Lexmark T652n Monochrome Laser Printer
At a Glance
Lexmark's T652n monochrome laser printer combines a speedy engine, lots of paper capacity, and a vast array of paper-handling options. But in view of its high price--$899 as of May 25, 2009--it seems a bit skimpily configured. (We have the same complaint about its similarly priced competitor, the HP LaserJet P4014n.)
Though the T652n didn't come anywhere near delivering Lexmark's promised top speed of 50 pages per minute in our tests, it was still fast. Plain-text pages printed at a swift rate of 38.2 ppm, and graphics exited at 7 ppm, a solid midrange speed.

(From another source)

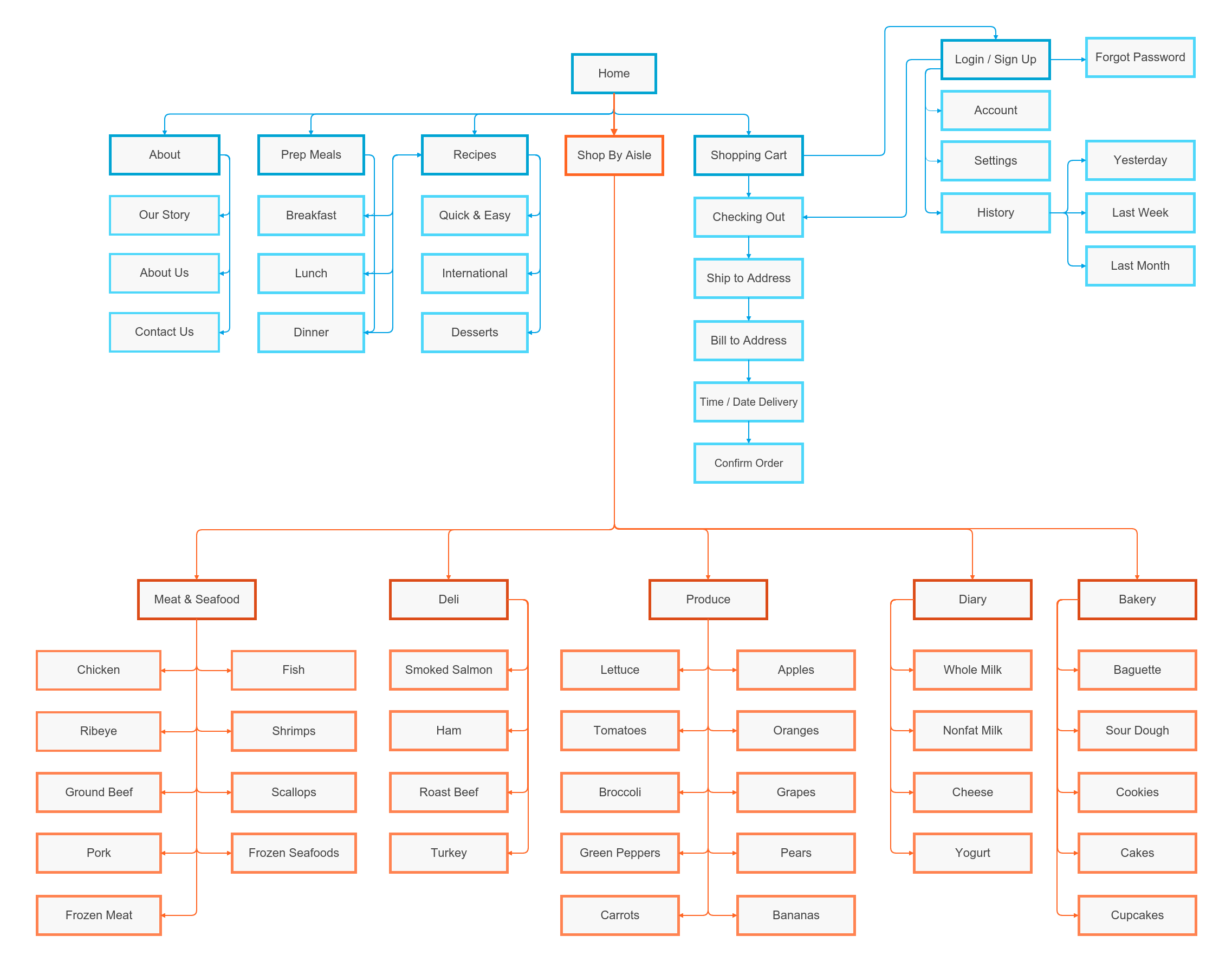Sitemap_1 (3).png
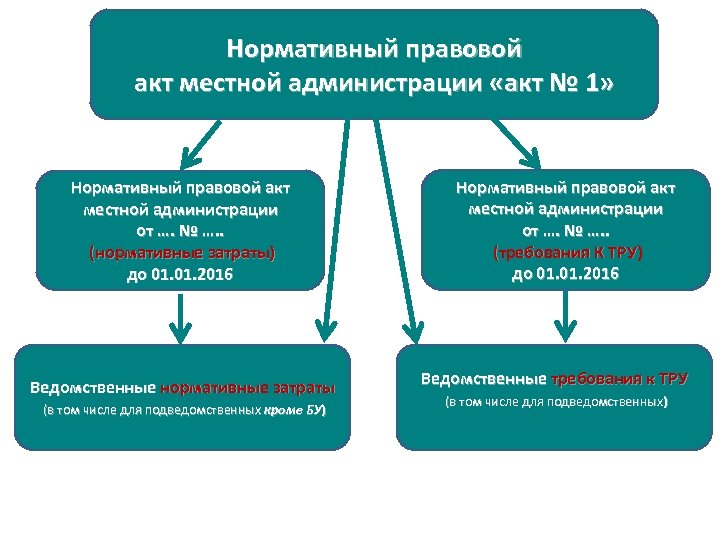 Местные нормативно правовые акты. Нормативно-правовые акты администрации. Правовые акты местной администрации. НПА администрации это. Нормативные акты администрации.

Text quality was great, but the graphical images we printed--from high-resolution photos to pie charts and line art--looked poor even for monochrome laser output: dark and rough.
The T652n comes with a 550-sheet main input tray and a 100-sheet multipurpose tray, plus a 350-sheet output tray. All components are sturdy and nicely designed. If you need more, you can take your pick from a laundry list of options, including 250-sheet ($199) and 550-sheet ($249) input trays, envelope feeders (also $249), staplers, and mailbox units. One of the few things this printer can't handle is duplexing--not even as an option; for that, you must buy its cousin, the $1149 Lexmark T652dn.
The boxy unit's other features are appealing, too. It connects via USB or ethernet; a front USB port accommodates direct input from a key drive. The intuitively designed control panel includes a four-line, backlit monochrome LCD that shows simple graphics as well as clearly written text messages and context-sensitive help.
Toner costs for the T652n show some compassion for high-volume offices. It ships with a 10,000-page starter cartridge; returnable replacement cartridges are available in a 7000-page standard size for $153.84 (or 2.2 cents per page) and a 25,000-page high-yield size for $430.50 (or 1.7 cents per page); these are average price-per-page figures for high-volume monochrome laser printers.
In contrast to Lexmark's usually excellent documentation, the T652n's poster-size setup guide employs a largely a wordless format with illustrations that sometimes are too small to understand clearly, or lack key details. The PDF-based user guide is up to Lexmark's usual high standard. In our most recent survey of vendor Reliability and Service, readers judged Lexmark significantly below average.
Lexmark's T652n has almost everything you'd want in a high-volume printer. Its few omissions however (especially the absence of a duplexer), make its price seem excessive.